Beginning with the line that includes "Boeing vs Airbus: A", return every remaining line of the material exactly as it reads, but not the pictures.

Given data:

>>>>>

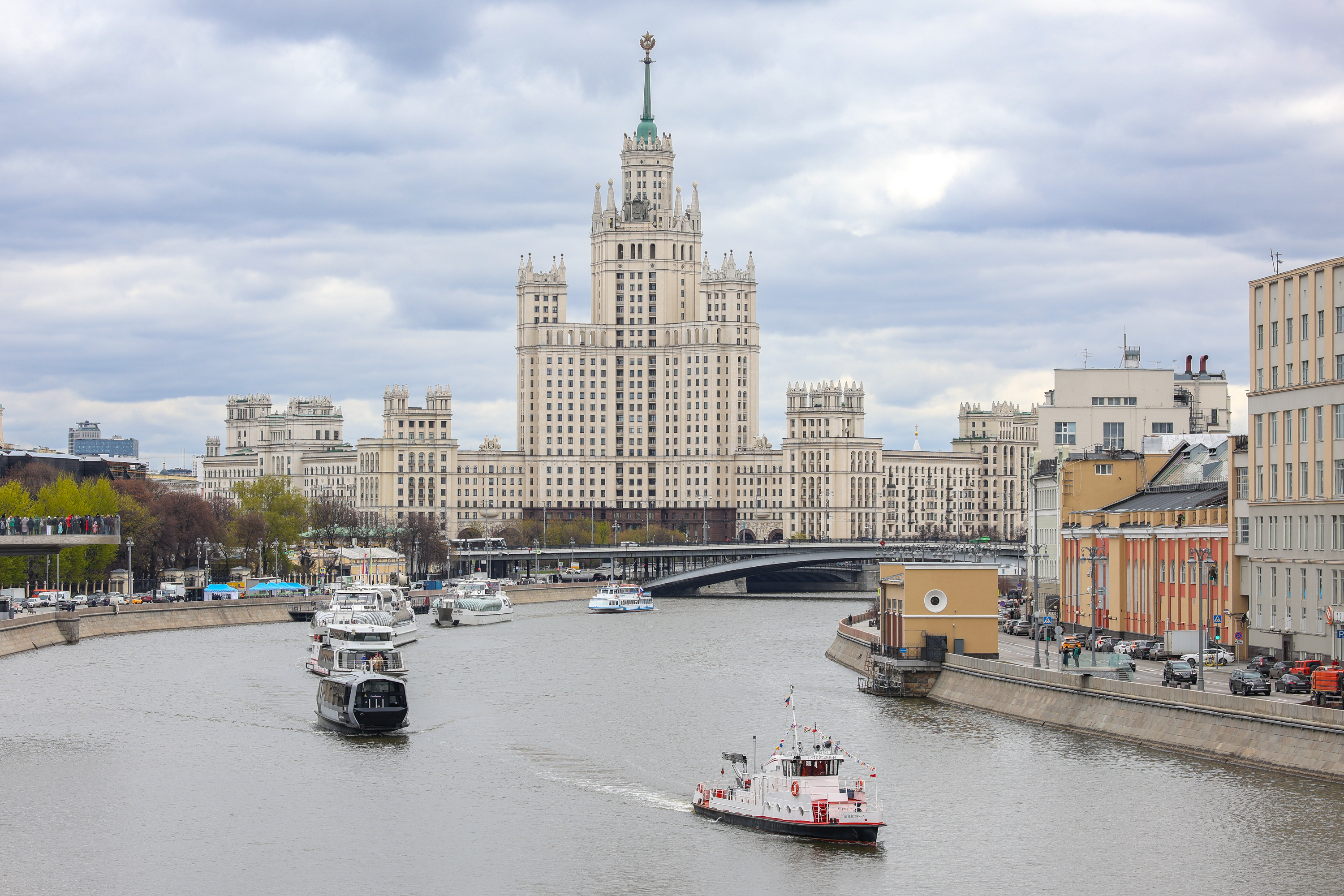 Парад судов по Москве-реке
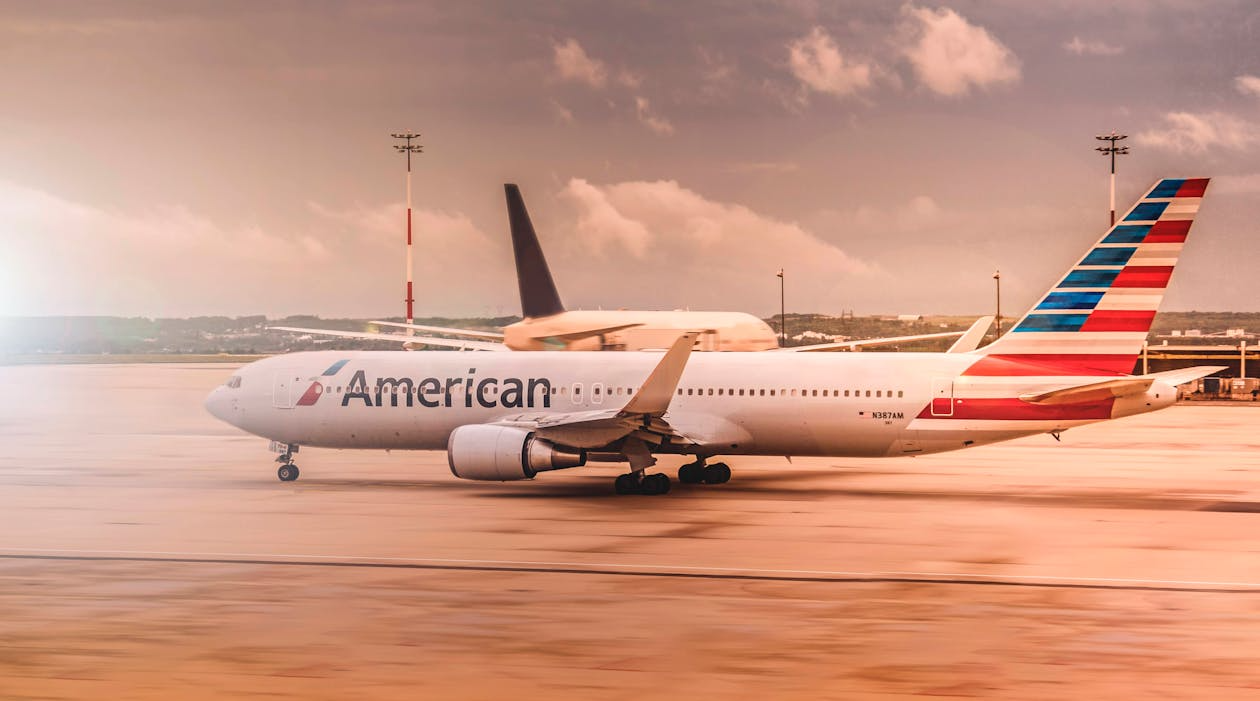 Boeing vs Airbus: A Complete Comparison of Jet Giants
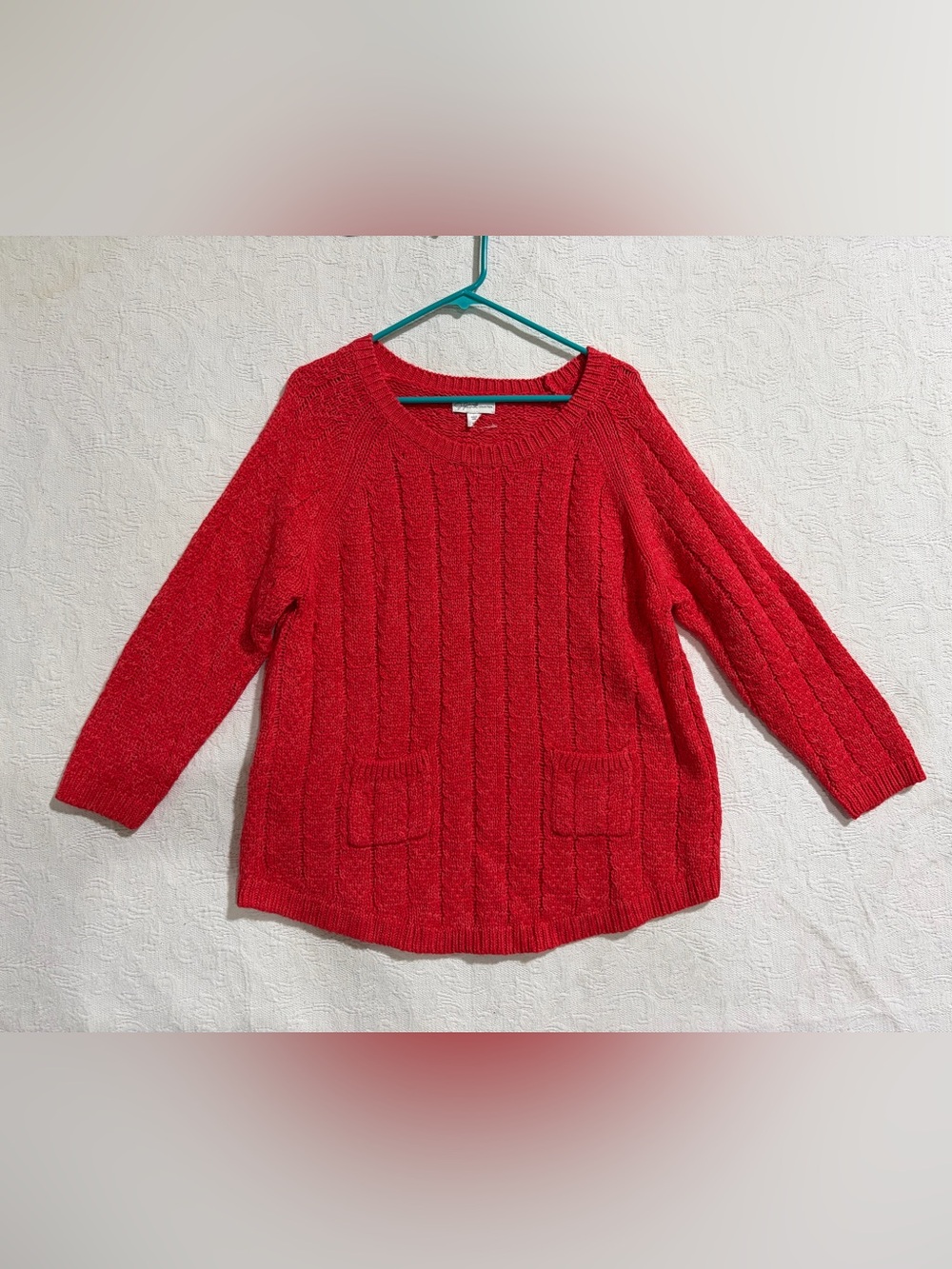 Jaclyn Smith Red Cable-Knit Scoop Neck Sweater with Pockets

<<<<<

Task response:
 Boeing vs Airbus: A Complete Comparison of Jet Giants
 Jaclyn Smith Red Cable-Knit Scoop Neck Sweater with Pockets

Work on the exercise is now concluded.